Известно, что раньше знаменитая двинская нельма проходила тысячи километров по зову природы, чтобы оставить потомство на камёшнике и песчаном дне двух наших рек Кубены и Ельмы. Здесь-то, на конечном этапе этого долгого путешествия, человек хитроумно и ставил свою ловушку. Н. А. Макаров пишет, что первое письменное упоминание об одном из северных езов содержится в духовной грамоте Дмитрия Донского, но, судя по археологическим данным, начало варварской ловли восходит еще к эпохе неолита.

Езы – езами, и не на каждой реке они сооружались, но с течением веков человек научился перегораживать реки уже не деревянными изгородями, а мощными бетонными плотинами, устраивая рукотворные моря. До этого огромные косяки рыб, идущие с Волги по Шексне в Белое озеро, с Северной Двины по Сухоне в Кубенское озеро, проходили к местам нереста почти свободно. В XVI–XVII вв. шекснинские и белозерские волости выплачивали оброк рыбой (пушных зверей, в частности бобров, к тому времени истребили) – осетрами, пудами черной икры, тысячами стерлядок. Где сейчас эти породы рыб в Шексне? После постройки плотин и шлюзов Волго-Балта о них остались одни предания.
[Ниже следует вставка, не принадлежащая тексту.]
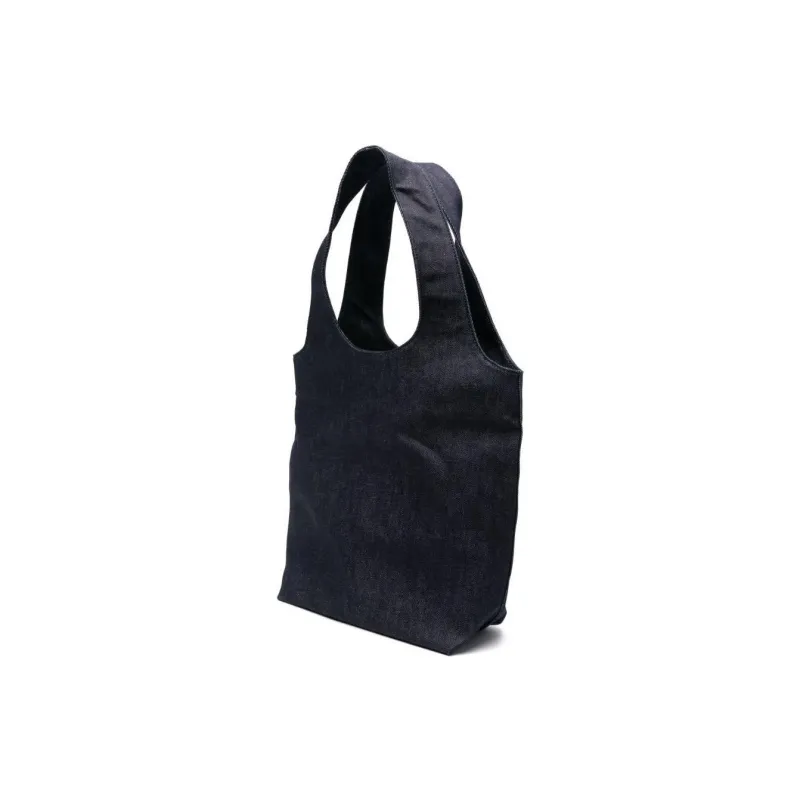A.P.C Ninon Logo Printed Denim Small Tote Bag-1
Перегородив плотиной реку Сухону, человек "запер" и двинскую нельму в Кубенском озере. Хорошо, что она прижилась на новом для себя месте, акклиматизировалась и начала размножаться. Еще в середине прошлого века мой родственник Владимир Алексеевич Красиков из Коробово лавливал зимой на блесну до 50 крупных нельм.

Но вместо запрещенных еще в старые времена езов местные рыбаки начали перекрывать нерестилища сетями. Вновь нельма все чаще стала попадать в засады, не могла пробиться, и ее поголовье начало на глазах таять. Дальше я еще вернусь к этой природной катастрофе.

А в самой реке Ельме, куда по всей Северной Двине, раскинувшейся от Великого Устюга до Архангельска, по Сухоне-матушке через ее каменные перекаты, по бурному Кубенскому озеру шла и шла красавица нельма, гордость Русского Севера, царь-рыба, сегодня почти не осталось рыбьего поголовья. Извелось вконец!.. Как не вспомнить к месту строку Николая Рубцова: "Тина теперь и болотина там, где купаться любил".